= Societies Sourcebook =

Role-playing game supplement

Societies Sourcebook is a 1991 role-playing supplement for Legendary Lives published by Marquee Press.

==Contents==
Societies Sourcebook is a supplement in which detailed descriptions of religions, societies, and associations are provided for characters. The bulk of the book covers religions for all 26 races and societies for all 31 character types in the game. Each race has multiple gods or beliefs, with some having up to six deities. Religious beliefs are accompanied by notes on the character's standing based on their Devotion level, with titles and benefits outlined for each level.
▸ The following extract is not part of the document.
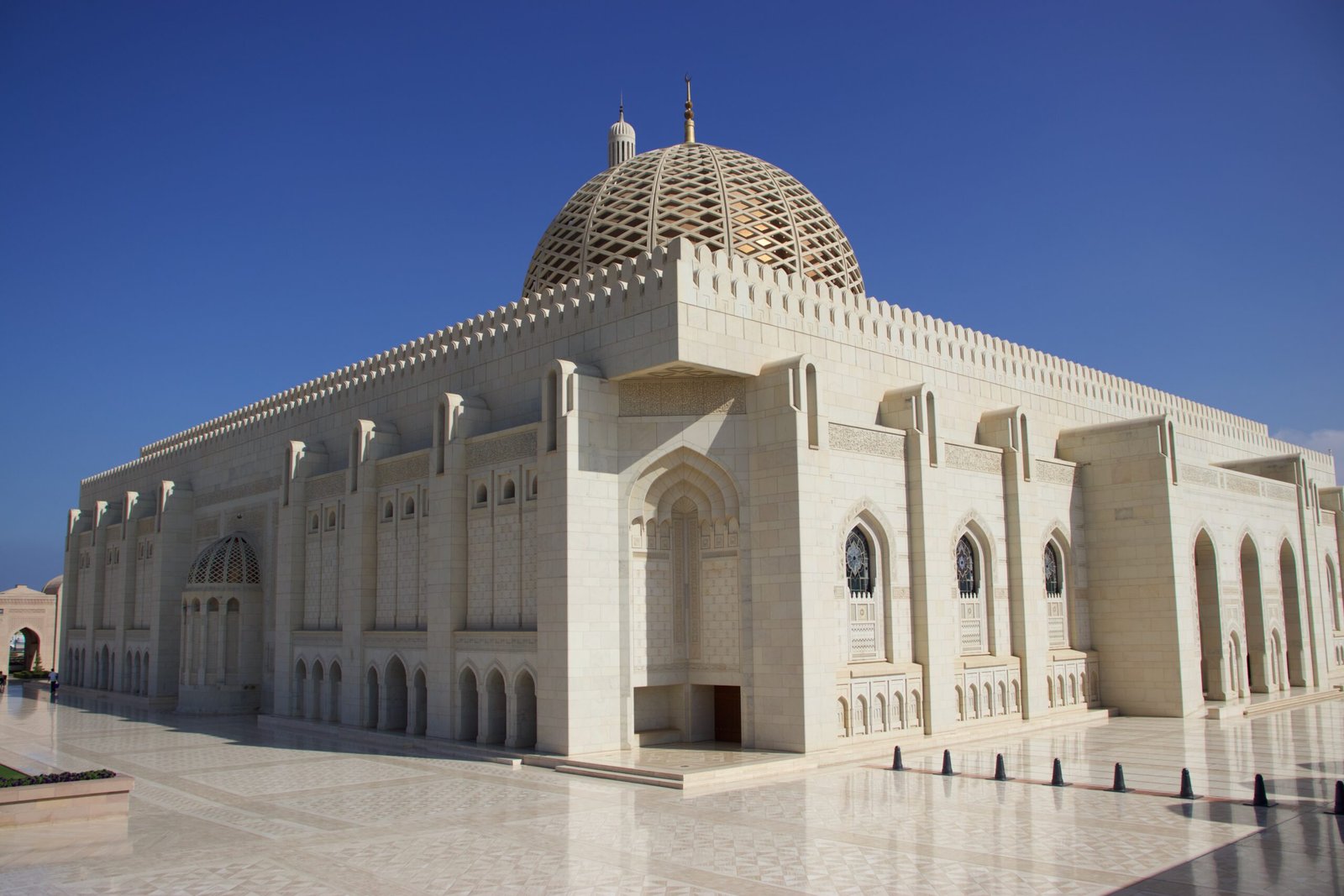 Itinerario Oman di 10 giorni tra moschee, deserto, wadi e montagne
For example, a Devotion of 1 makes a character a Worshipper, while higher levels like Devotee (Devotion of 10-15) offer benefits such as +1 Legends. The book also details societies for each character type, providing options like the Necromancers' Children of the Red Skull. Additional sections cover the polities of the Seelie and Unseelie courts, magical artifacts, clothing, Foe Societies, and suggestions for using the book with other FRPGs.

==Publication history==
Societies Sourcebook was published as a 72-page book, the first book with a full-color cover from Marquee Press.

==Reception==
Stewart Wieck reviewed Societies Sourcebook in White Wolf #28 (Aug./Sept., 1991), rating it a 4 out of 5 and stated that "Players of LL will find that this product is up to the quality they expect from Marquee Press and will no doubt be delighted by it. Gamers who have not tried LL, and refuse to do so even now, should look at this book for possible use in their alternative FRPG. The price may be a little steep for the size of the book, but I'm still amazed at how so much material fit into such a small space."
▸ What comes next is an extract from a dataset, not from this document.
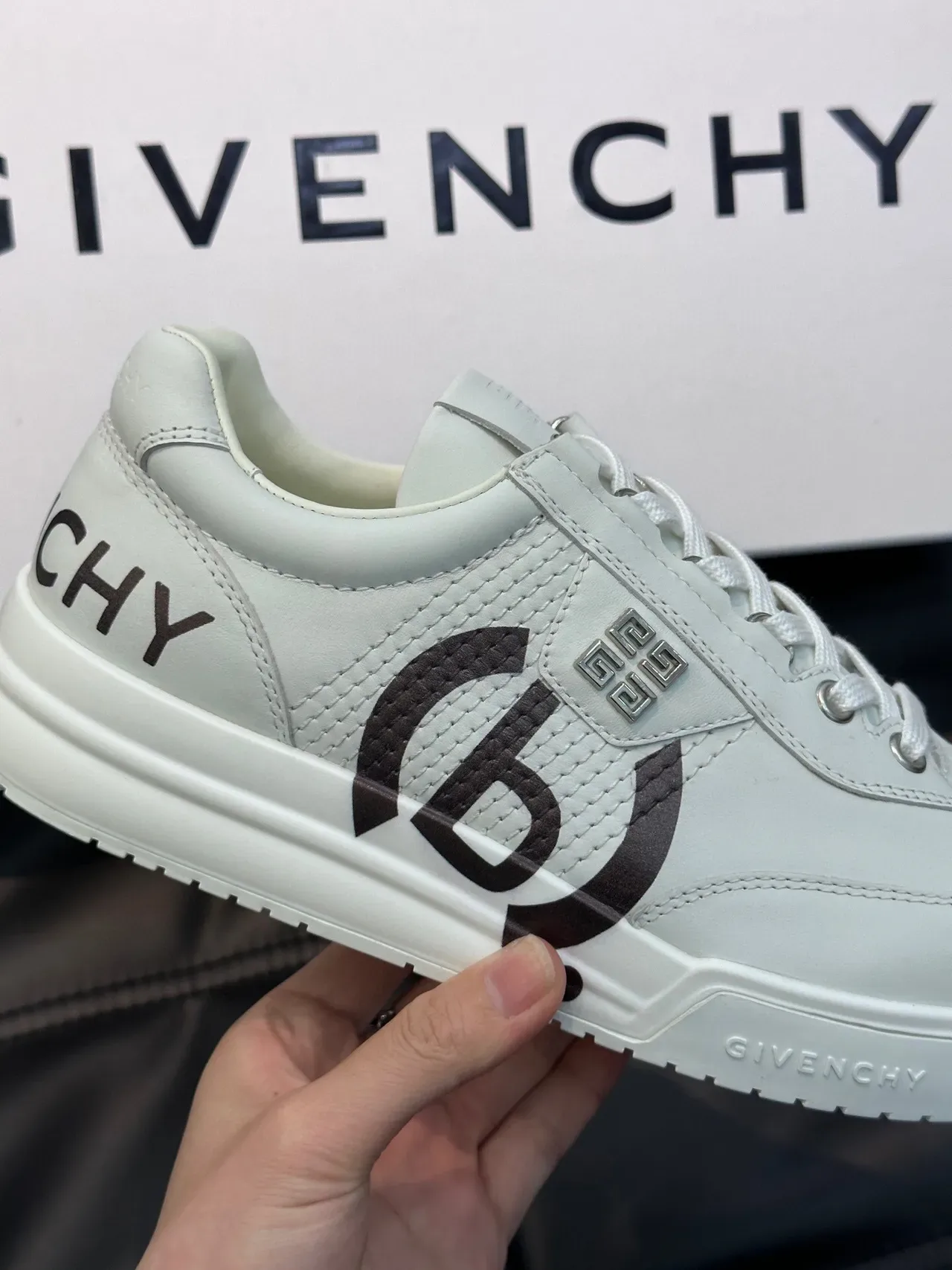 Givenchy City Sport Tênis Lifestyle Branco e Preto Gráfico 8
In Issue 195 of Dragon, Lester W. Smith thought this was an integral part of the Legendary Lives game together with the Player's Primer and Referee's Rulebook. Smith noted "the Societies Sourcebook is advertised as usable with any fantasy system. But while the first two books together present a quite complete rules system, it is within [this] book that the fantasy world in which the system is set becomes clearest." Smith also pointed out "the sample world description in the Societies Sourcebook reveals a worldview that focuses upon the creatures of fairie (with other fantasy cultures sort of hanging about the edges)." Smith concluded, "the world it presents is an engaging one (especially with the history, politics, and PC-specific, miracle- delivering religions of the Societies Sourcebook), capable of handling a wide range of adventure types and standing up to sustained play."